Rather than playing themselves, Thomas Middleditch and Luke Wilson turn up in a different kind of cameo role: as the spiritual doppelgängers to Columbus and Tallahassee, dubbed Flagstaff and Albuquerque.
“They’re reminiscent of Woody and Jesse in a way that made us laugh,” Wernick said of the casting. “They’re wonderful actors and wonderful improvisers. And the way they played off each other, I think, is pretty magical onscreen. It’s one of our favorite moments of the sequel.”
The original scene called for just one doppelgänger, then known simply as “Alpha Tallahassee.”
“He was this guy who was kind of like a bigger, brasher, tougher, cockier version of Tallahassee,” said director Ruben Fleischer. “He was like this heightened version of Woody’s character.”
“And somewhere along the line someone had the idea of, ‘Well, if we’re going to do it for Tallahassee let’s do it for Columbus too,’” added Reese.
Flagstaff and Albuquerque were the original drafted names for Columbus and Tallahassee, but after deciding to film in Georgia rather than the Southwest they were renamed to make more sense geographically. That backstory makes the scene an even bigger Easter egg, in addition to supplying one of the funniest moments in the movie.
“That was, on the page, my favorite scene in the movie,” Fleischer said. “It was just such a funny idea conceptually, and then once we cast Thomas Middleditch, who is just a world-class improviser, he kind of jumped into the role with both feet and elevated it beyond my wildest imagination. So many of my favorite jokes in that exchange are ones that Jesse and Thomas improvised.”
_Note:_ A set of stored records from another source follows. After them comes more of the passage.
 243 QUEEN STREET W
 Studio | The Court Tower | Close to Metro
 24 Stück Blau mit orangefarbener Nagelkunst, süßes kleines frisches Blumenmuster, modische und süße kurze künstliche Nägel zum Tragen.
Fans of HBO’s “Silicon Valley” are likely familiar with Middleditch’s Eisenberg-esque brand of nerdy humor, but Wilson is not quite as intuitive a counterpoint to Harrelson.
“Luke’s got that laconic cowboy feel to him, which is very Woody Harrelson,” Fleischer explained. “He and Woody are also close friends, so there was a natural rapport. Woody called him and asked him if he would do it, and I can’t think of anyone better to play the part.”
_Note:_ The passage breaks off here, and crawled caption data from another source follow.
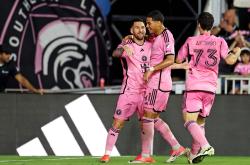 C罗焦点对战，梅西与60激战快船分钟，锐不可当胜负难料！引发球迷热议(梅西对战c罗比赛视频)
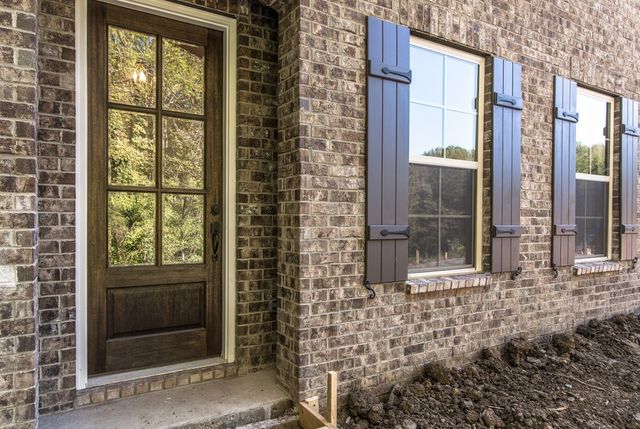 201 Madelaine Way, Kingston Springs, TN 37082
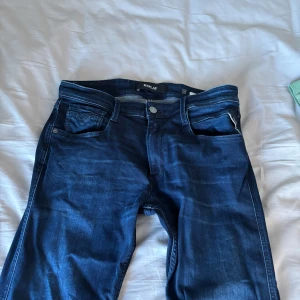 Replay jeans! - Säljer nu replay jeans för bra pris och som är i bra skick, jeansen passar till allt och är snygga. Storleken är 31 i midjan och 34 längden.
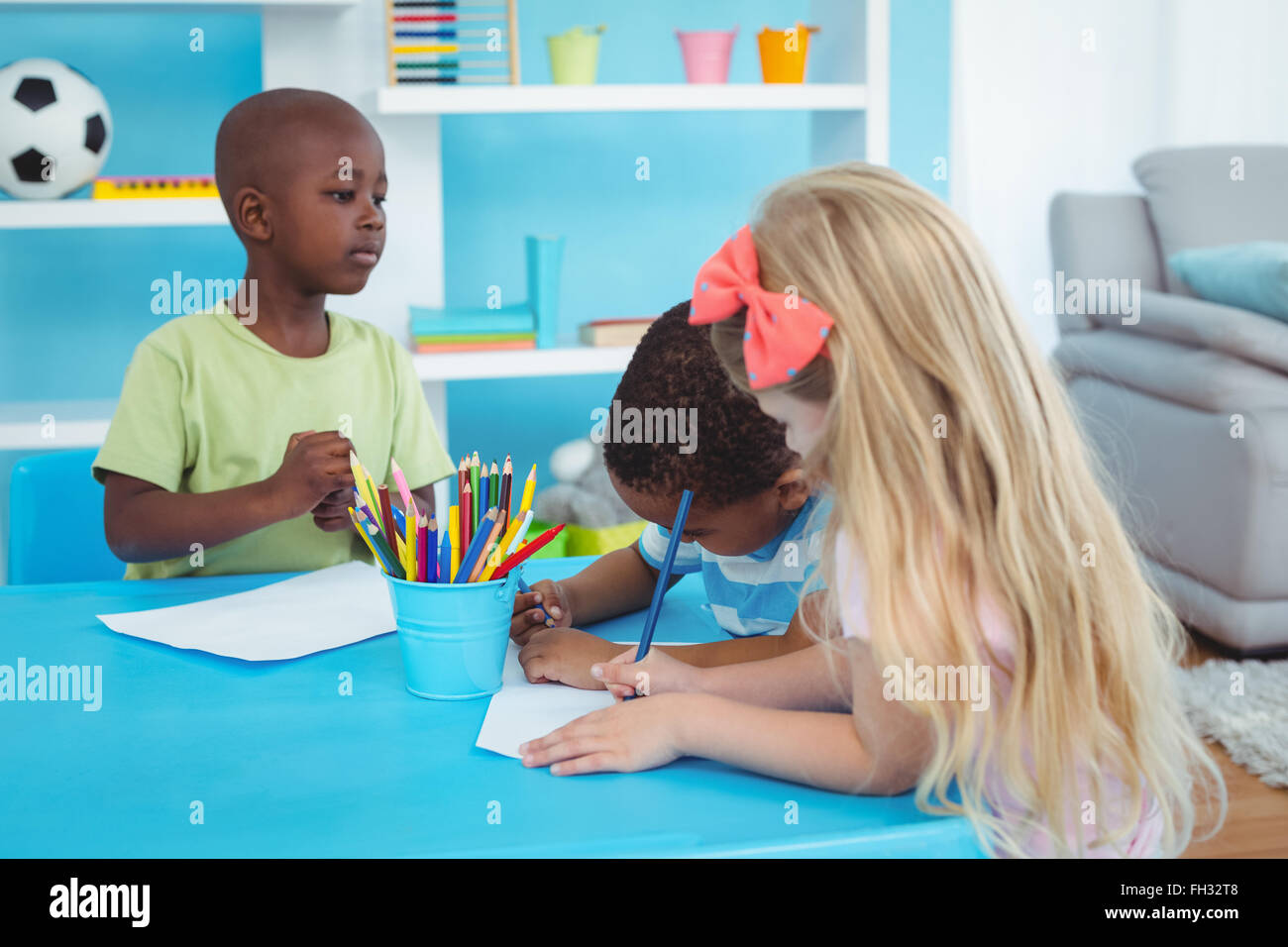 Kids arts and crafts room hi-res stock photography and images - Alamy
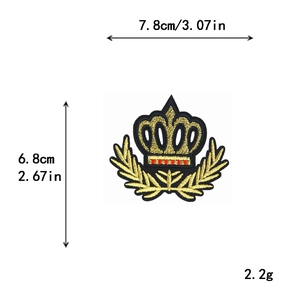Toppa ricamata corona dorata e alloro, dimensioni 7,8x6,8cm per decoro vestiti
“He read the script and really took to it,” added Wernick. “And he and Woody know each other’s mannerisms pretty well. Some of the stuff that ended up on the cutting room floor is so funny because it’s just them kind of needling each other in ways that old buddies do.”
Originally both sets of twins were meant to react to each other competitively, but Eisenberg and Middleditch improvised a different take for their characters.
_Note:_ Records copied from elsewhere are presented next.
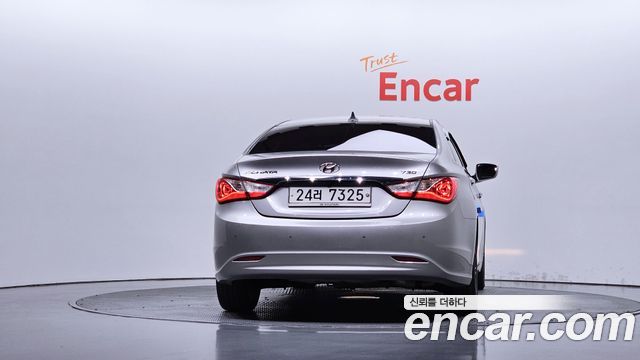 Hyundai Sonata 2012 — photo 4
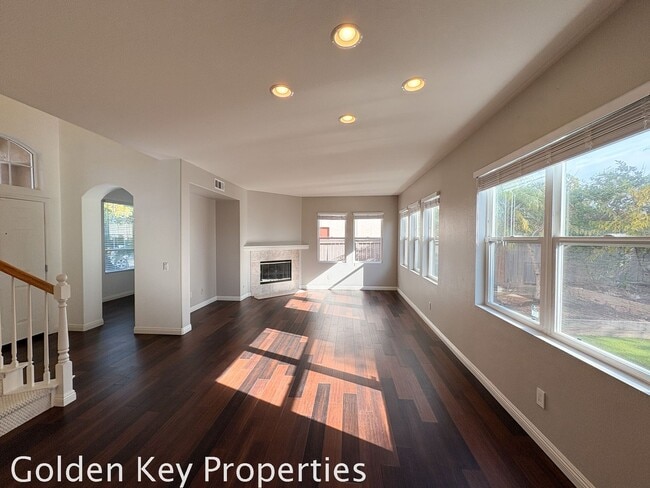 Building Photo - Welcome to this stunning home located in t...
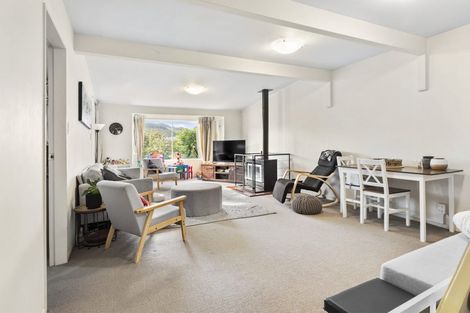 Photo of property in The Triangle, 4/33 Halswater Drive, Churton Park, Wellington, 6037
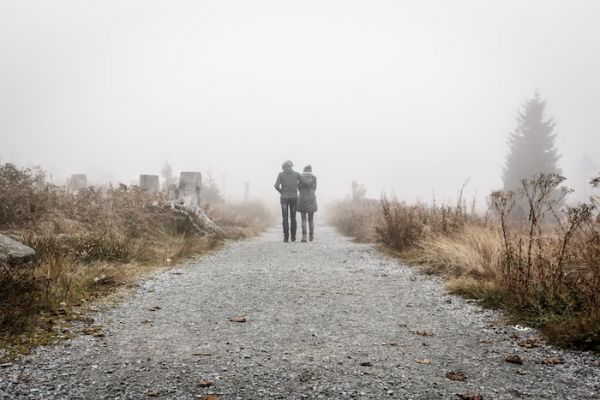 男女在小徑上行走的情侶交流練習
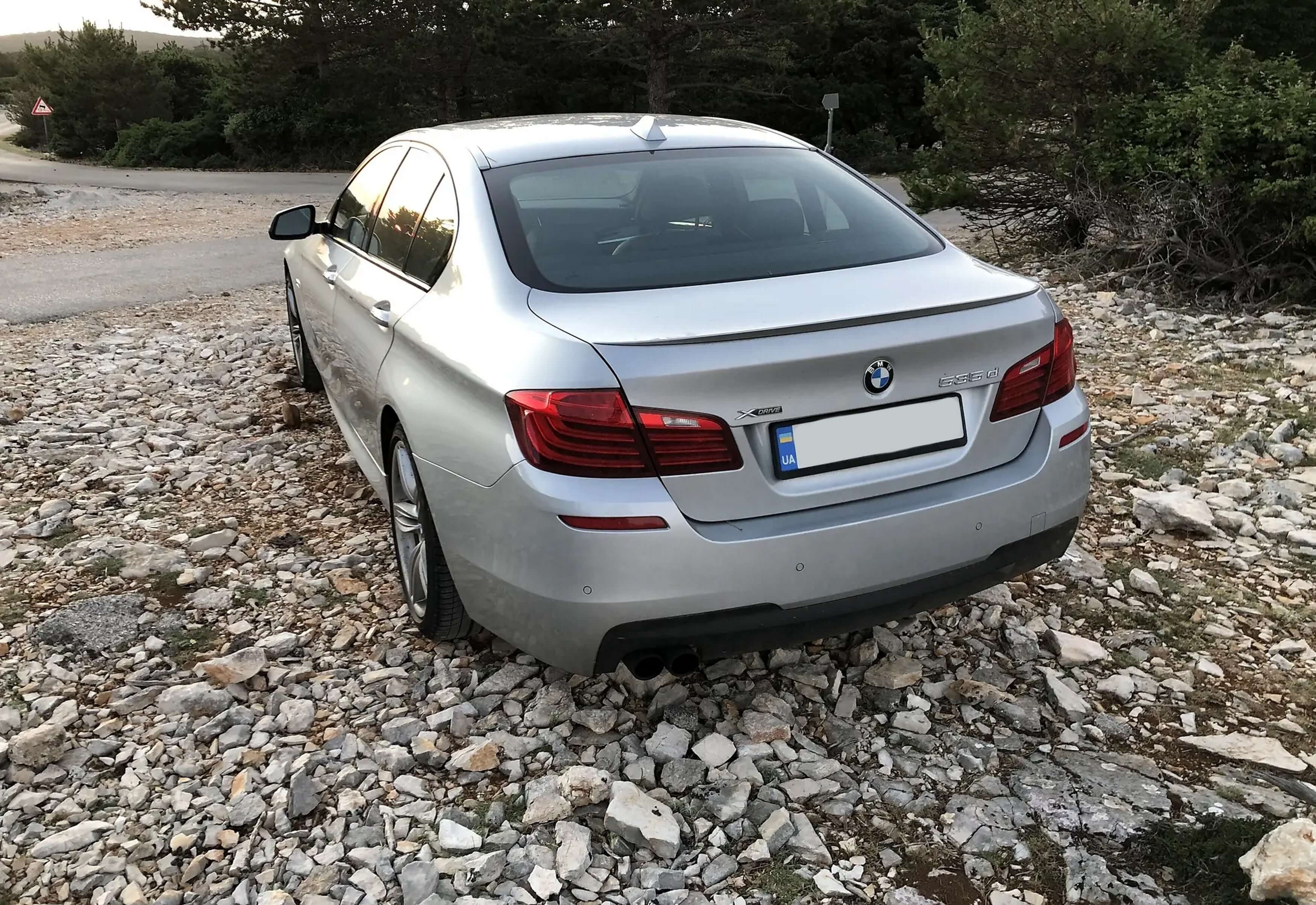 Задній бампер (M Sport Paket) на BMW 5 Series F10 / F11 2010-2017 року 5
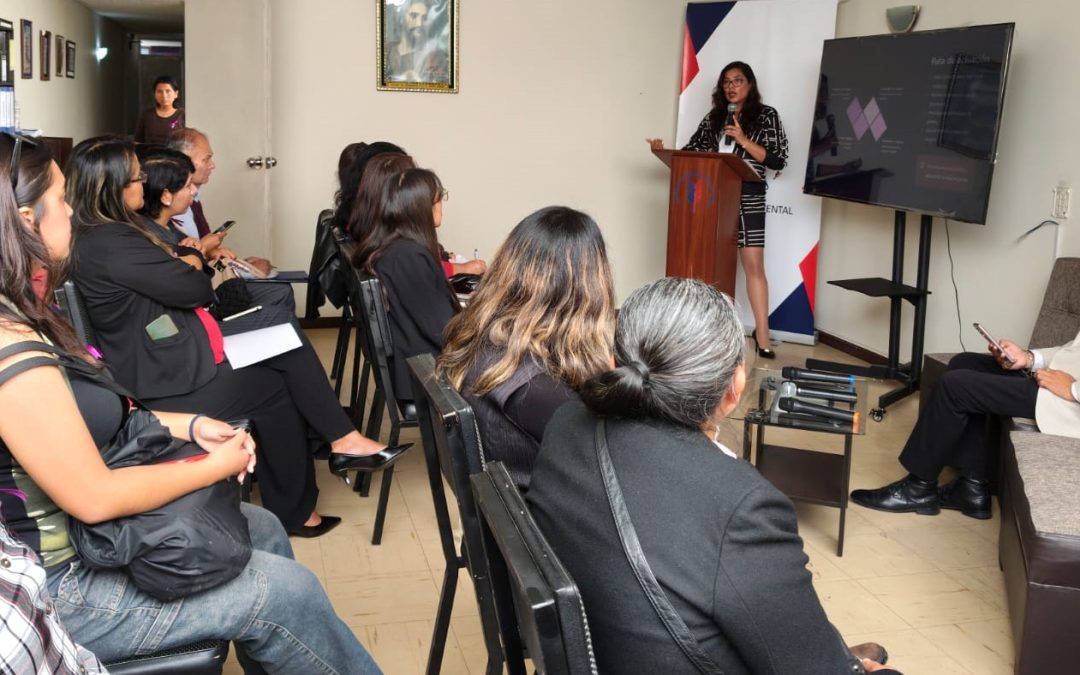 Conversatorio analizó los desafíos actuales que enfrentan las mujeres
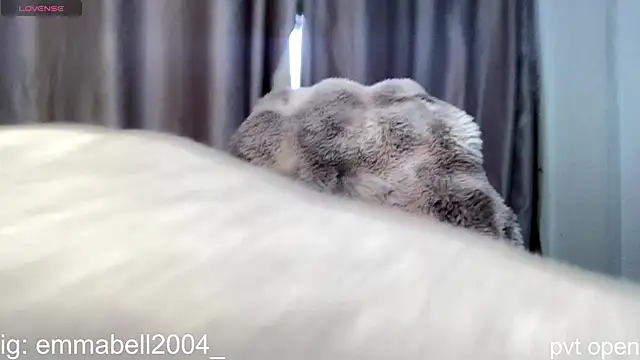 emma  bell  online show from December 2, 2025, 5:08 pm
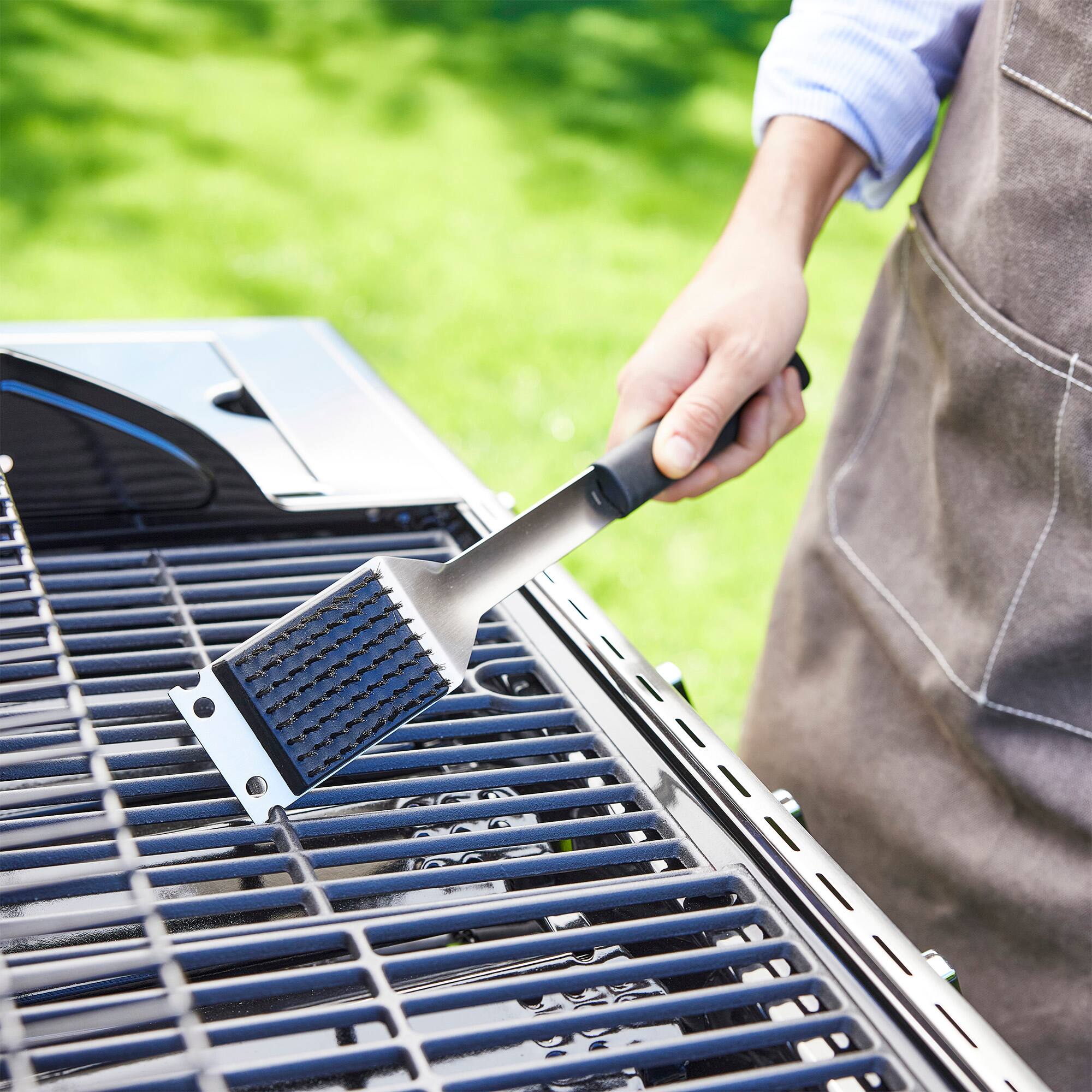 Alt View 3. Henckels - Henckels BBQ Stainless Steel Grill Brush - Stainless Steel.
“They started to make it less competitive and more of a mutual admiration society,” Reese said. “And that really made us laugh, this idea that these two guys were discovering their long lost twins when they found each other. It was just a whole different way to look at it and it started to get laughs and the guys ran with it.
“It makes for a richer scene than it would have been had they just been one-upping each other,” he added. “They seem to have the same cultural influences and very similar outlooks. And so why not have them bond instead of being at each others throat?”
Observing the scene with disinterest is Wichita, who does not get the doppelgänger treatment.
“We didn’t give Emma a doppelgänger because we thought at that point it was a little too coincidental,” Reese said. “It was already stretching credulity to have one or two, so to have three or more felt like it was stretching it. But it’s also very difficult to find somebody who could go toe-to-toe with Emma Stone. Emma’s one of a kind; she’d be hard to replicate.”